ADVISOR & CO-FOUNDER

After more than 30 years working on wildlife conservation projects, primarily in Asia, I decided that a new approach to conservation was needed in Asia and especially South-East Asia. While there are conservation success stories in the region, of course, the sad fact is that there are far too few. So, with my co-founder and other colleagues, I decided to form a new NGO, Asian Arks, that would replicate and extend models of directly managing protected areas under long-term agreements with governments and communities that had proven successful elsewhere and devote the rest of my career to making that new approach work in Asia.

My experience encompasses endangered species and protected area management, conservation-related research and survey work, and wildlife policy formulation, including the writing and implementation of wildlife action plans. Much of my time since 1988 has been spent in Asia and, from 2007, Asia and Africa. I spent the 1990s living and working in protected areas in Indonesia, advising on their management. From 1998, I focused on elephants, particularly on the development of reliable monitoring methods, human–elephant conflict assessment and mitigation, and, since 2004, the ivory trade and the resulting illegal killing of elephants. I worked for the Wildlife Conservation Society (WCS) for 18 years, working to conserve elephants and ultimately coordinating WCS’s elephant conservation work in Asia and Africa. My work has also helped in the creation of new protected areas.

I was a member of the joint Technical Advisory Group (TAG) of the CITES Monitoring the Illegal Killing of Elephants program and the Elephant Trade Information System for many years.
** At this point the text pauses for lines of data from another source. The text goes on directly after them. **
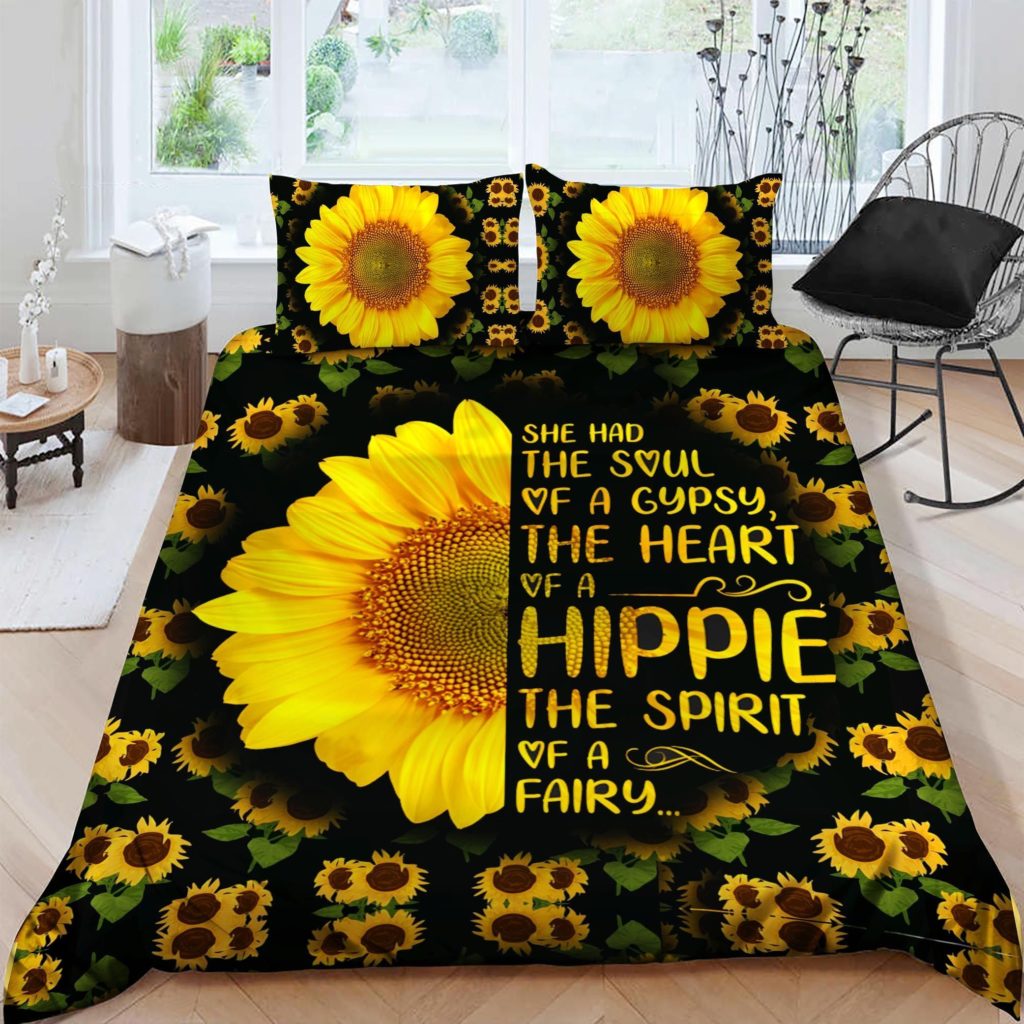 Sunflower She Has A Heart Of A Hippie The Spirit Of A Fairy Cotton Bed Sheets Spread Comforter Duvet Cover Bedding Sets 4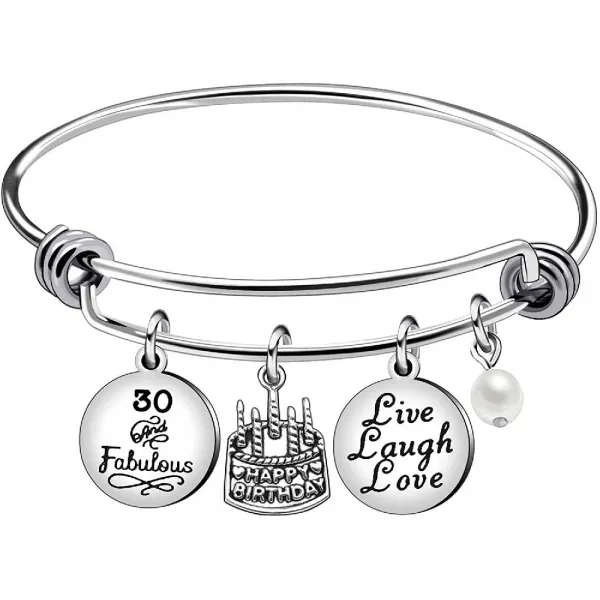 Niceter 남녀 여자 팔찌 팔찌 키 체인 키 체인 스테인레스 스틸 쥬얼리 30 일 생일 30th Birthday Bangle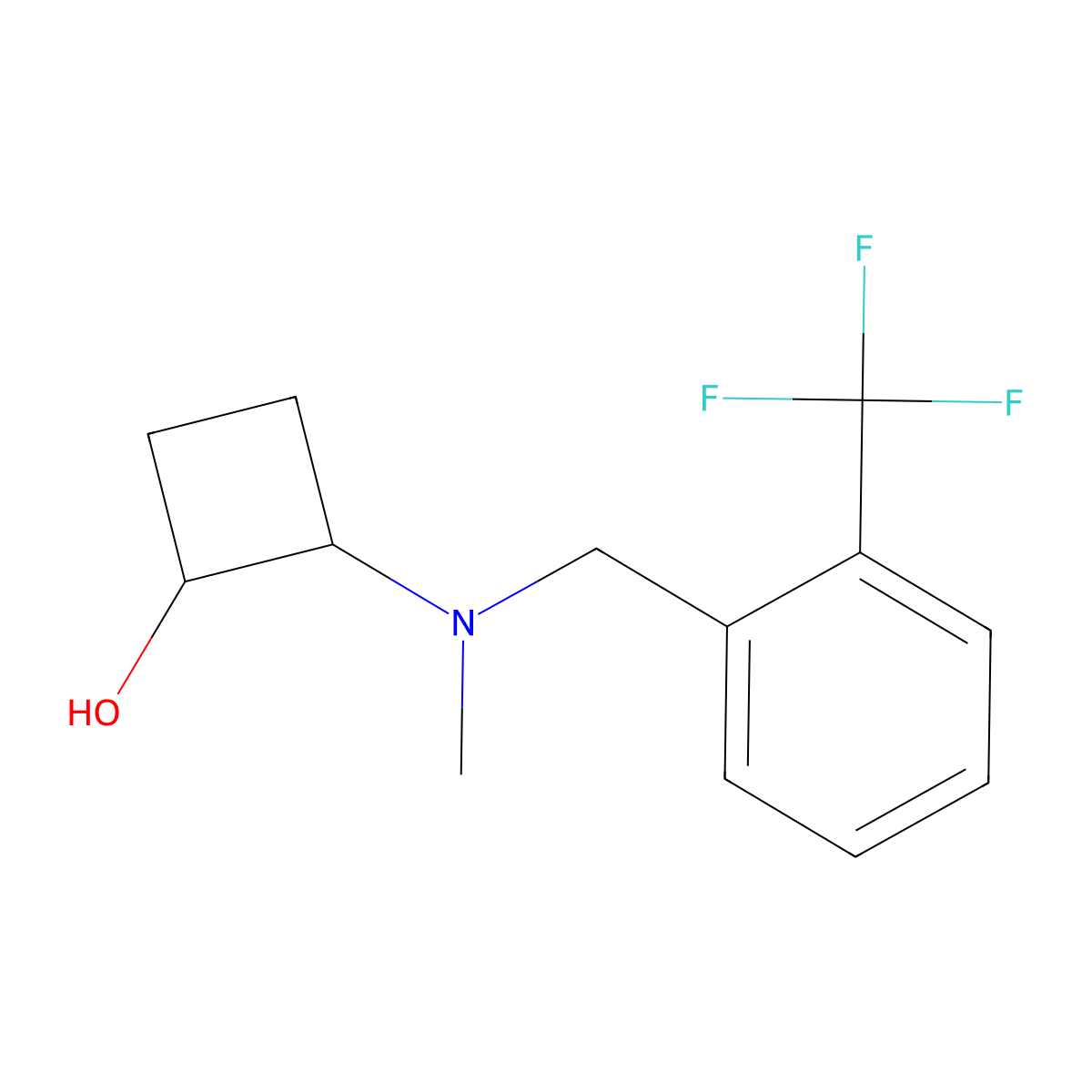 2-[Methyl({[2-(trifluoromethyl)phenyl]methyl})amino]cyclobutan-1-ol molecular structure, CAS 2199868-87-4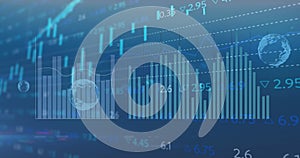 Image of bubbles and data processing over blue background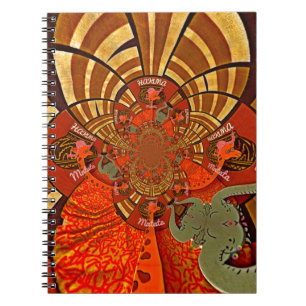Caderno Espiral Crie o seu único Design de arte africana Girafa
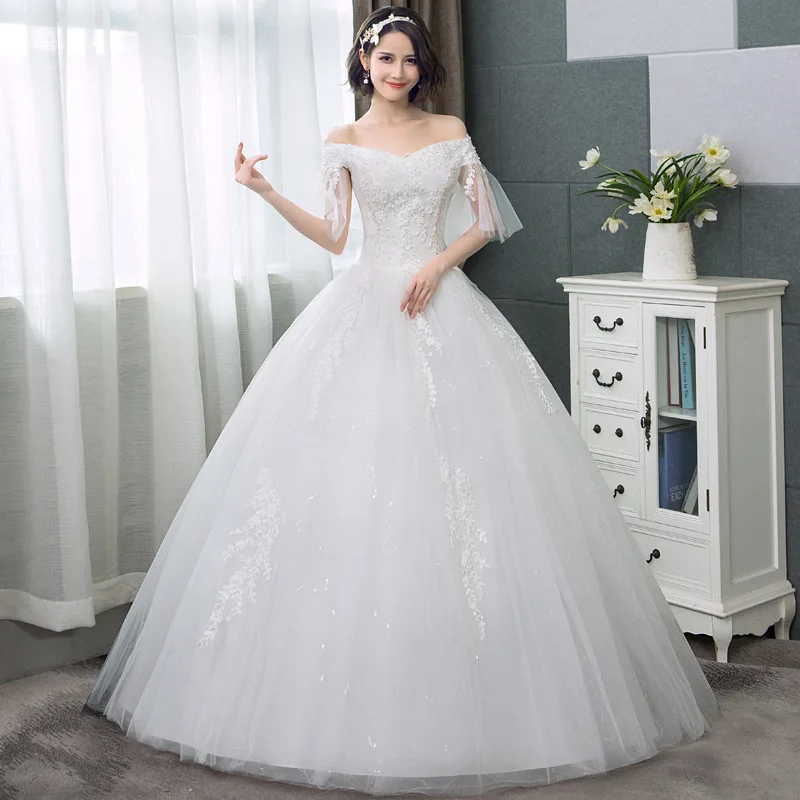 Vestidos De Novia, элегантные свадебные платья с бисером, v-образный вырез, с открытыми плечами, с аппликацией, бальное платье, белые свадебные платья из фатина, Jurk Lang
I also chaired the IUCN/SSC Asian Wild Cattle Specialist Group (AWCSG) from 1995 to 2005 and was the Co-Chair of the Asian Elephant Specialist Group (AsESG) from 2005 to 2015. I have published numerous papers, book chapters, manuals, and reports, most of which have focused on practical aspects of wildlife conservation including human–wildlife conflict mitigation and monitoring of wildlife populations.

Despite the challenges facing conservationists in Asia, I am confident that our new approach will work and help safeguard wildlife populations across the region, allowing them to recover and thrive.